EXERCISE MATERIALS:
- - -

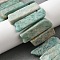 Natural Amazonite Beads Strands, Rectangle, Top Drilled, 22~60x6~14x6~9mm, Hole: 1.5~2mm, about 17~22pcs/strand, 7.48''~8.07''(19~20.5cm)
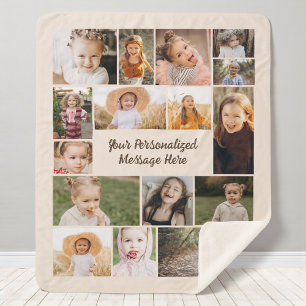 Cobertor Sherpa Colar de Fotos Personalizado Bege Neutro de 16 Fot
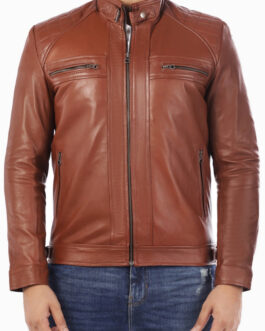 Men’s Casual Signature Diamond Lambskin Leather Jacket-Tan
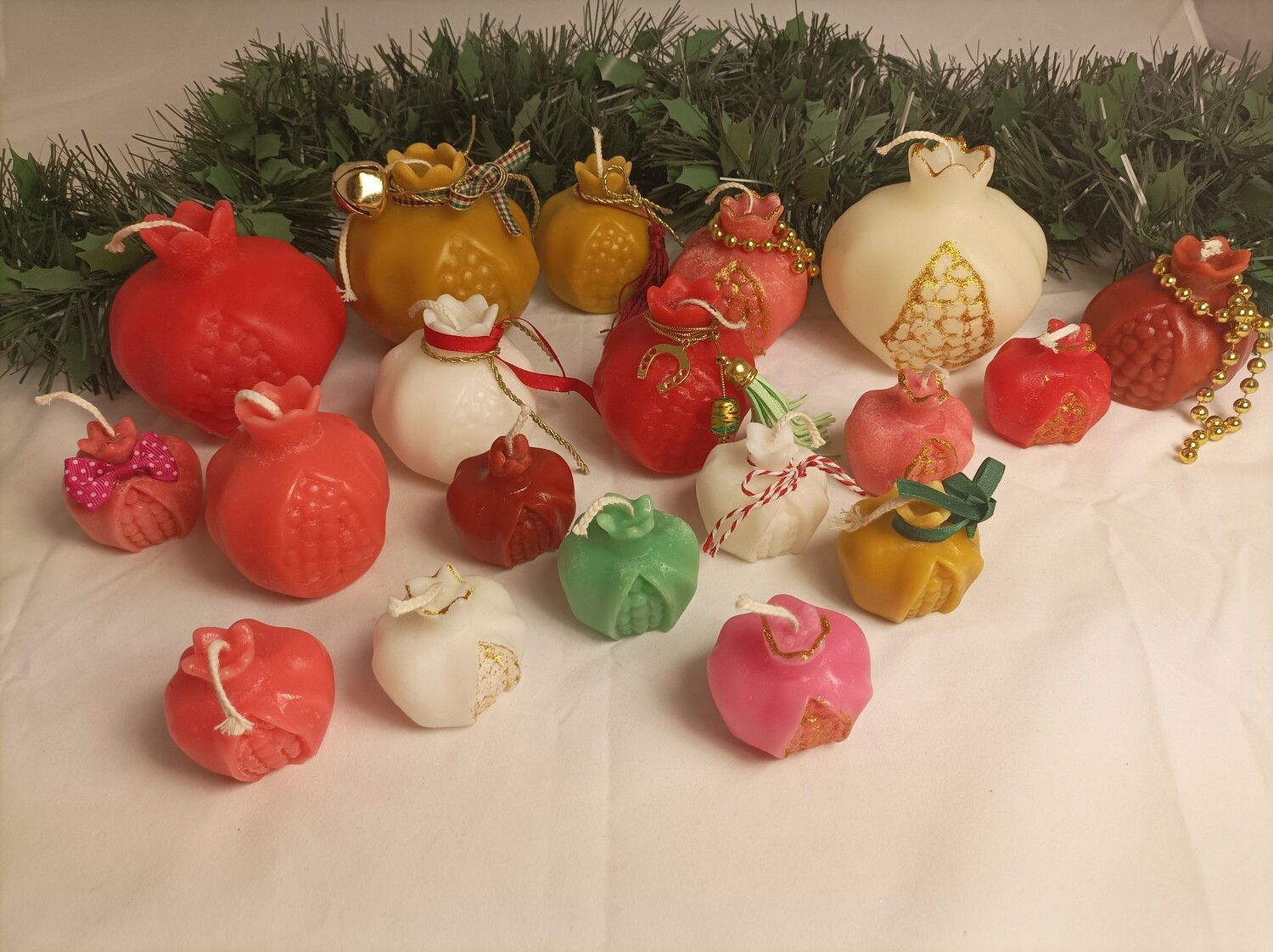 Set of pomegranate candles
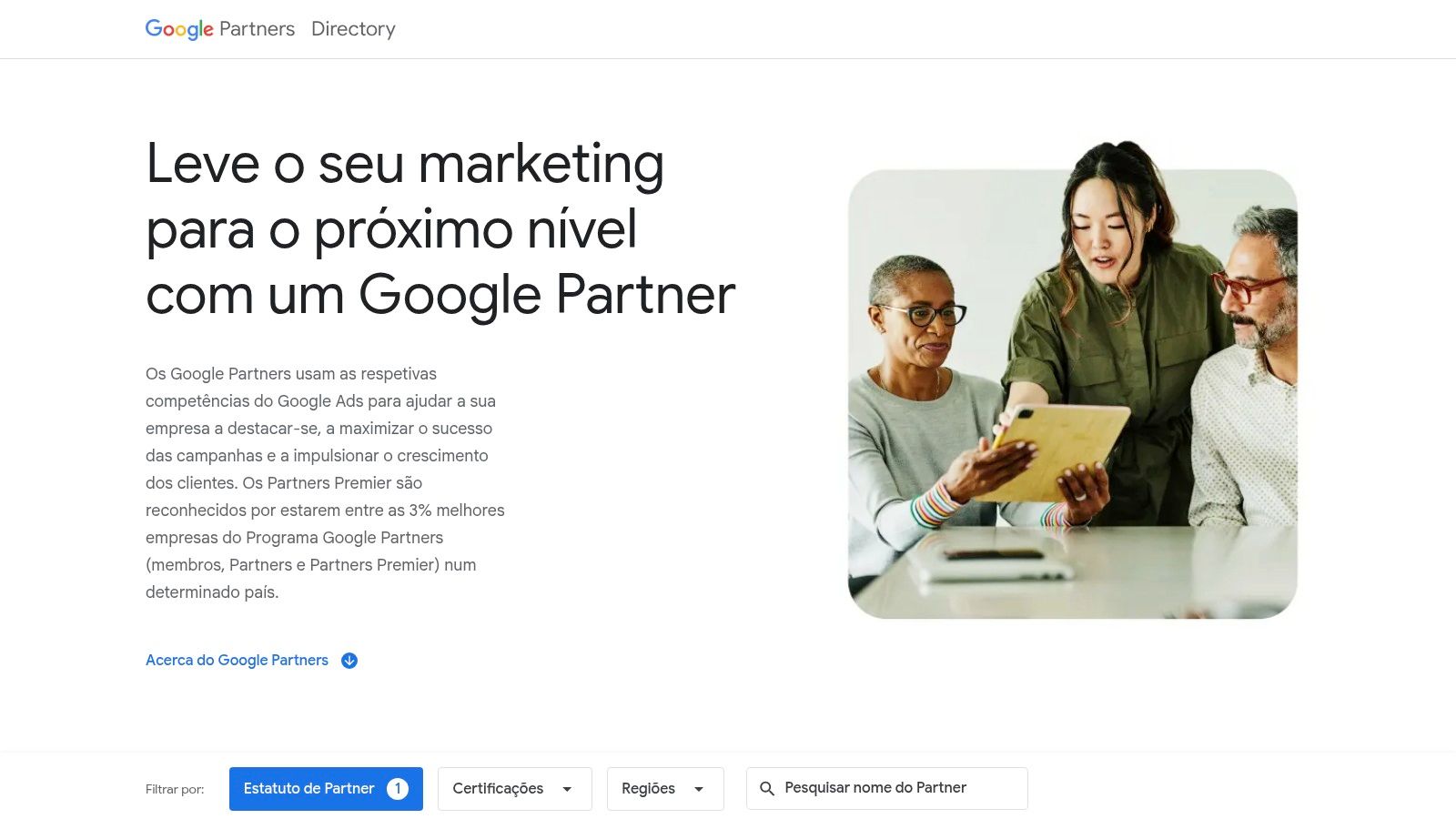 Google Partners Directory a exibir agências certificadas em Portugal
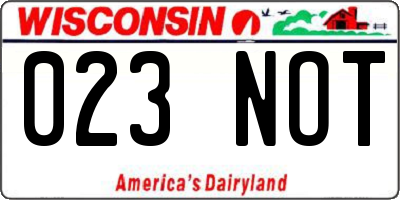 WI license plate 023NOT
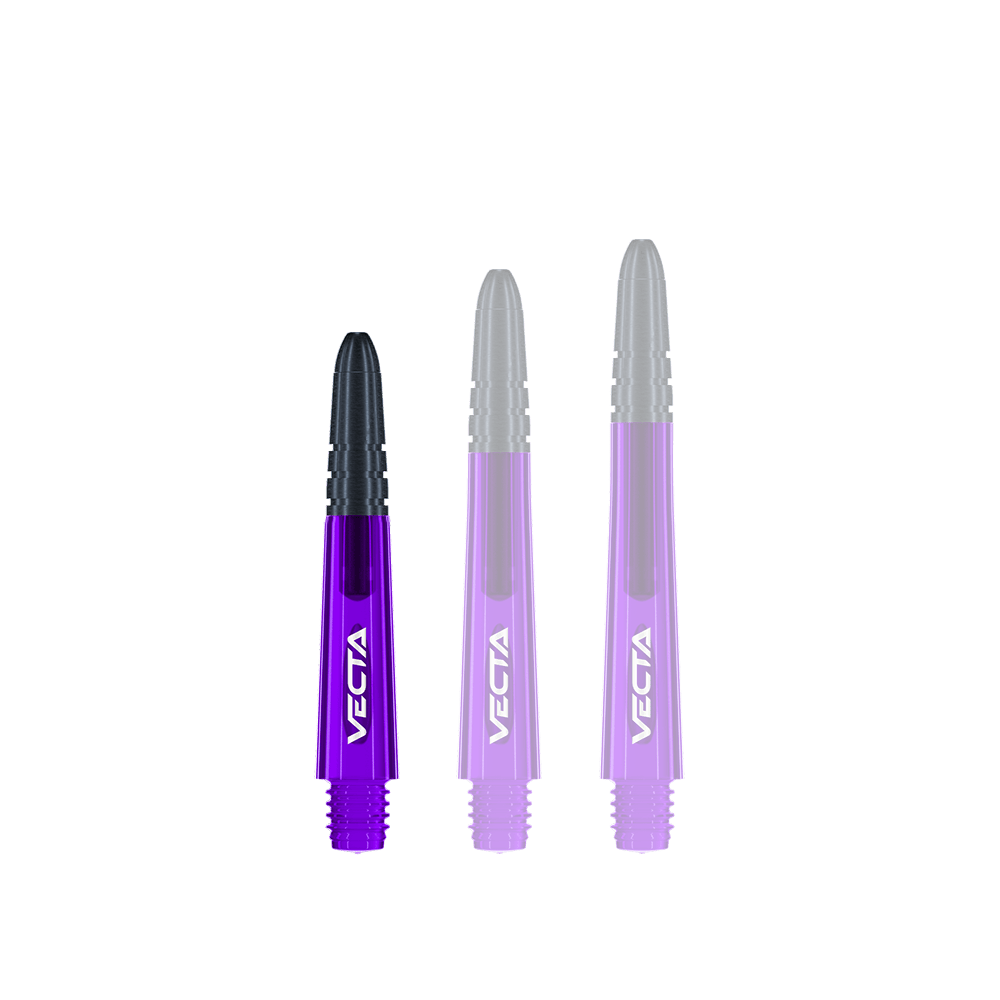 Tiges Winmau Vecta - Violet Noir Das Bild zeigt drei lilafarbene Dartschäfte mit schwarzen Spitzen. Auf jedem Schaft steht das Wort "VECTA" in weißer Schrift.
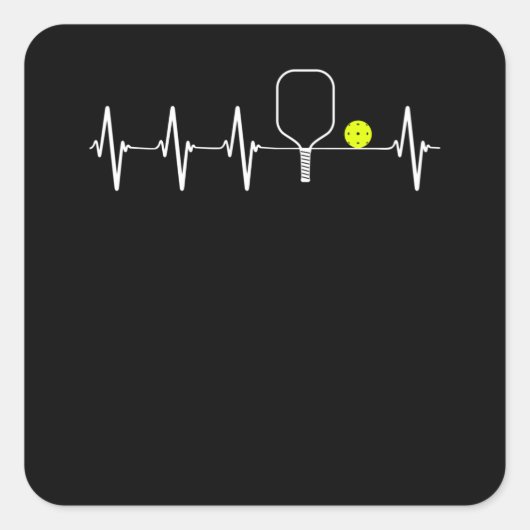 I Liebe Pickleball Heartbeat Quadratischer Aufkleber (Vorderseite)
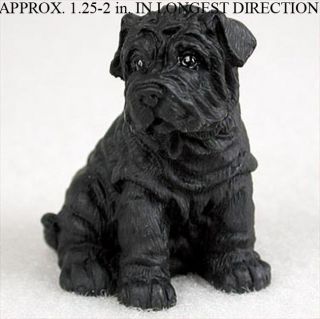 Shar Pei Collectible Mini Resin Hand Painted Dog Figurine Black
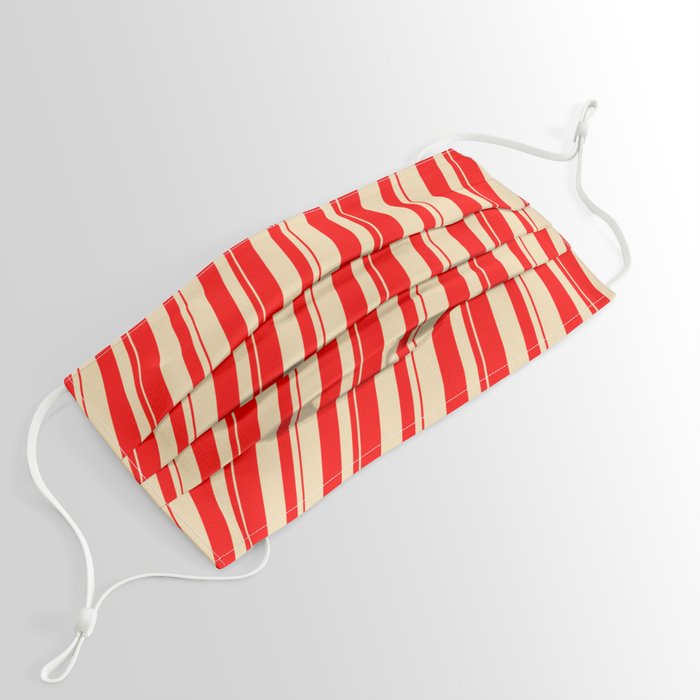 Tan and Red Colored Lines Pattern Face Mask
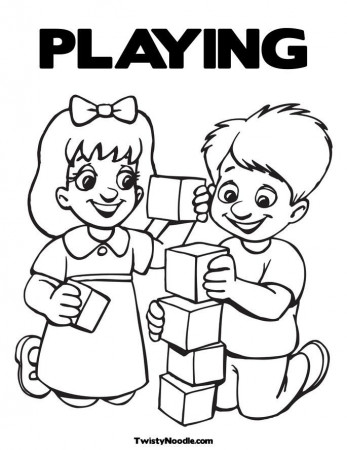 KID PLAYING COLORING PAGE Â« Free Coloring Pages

- - -

DESCRIPTION OF THE TASK: Leave out each picture and extract the lines from the one containing "WI license plate 023NOT" through the end of the records above, inclusive, exactly as they stand.

RESULT BELOW:
 WI license plate 023NOT
 Tiges Winmau Vecta - Violet Noir Das Bild zeigt drei lilafarbene Dartschäfte mit schwarzen Spitzen. Auf jedem Schaft steht das Wort "VECTA" in weißer Schrift.
 I Liebe Pickleball Heartbeat Quadratischer Aufkleber (Vorderseite)
 Shar Pei Collectible Mini Resin Hand Painted Dog Figurine Black
 Tan and Red Colored Lines Pattern Face Mask
 KID PLAYING COLORING PAGE Â« Free Coloring Pages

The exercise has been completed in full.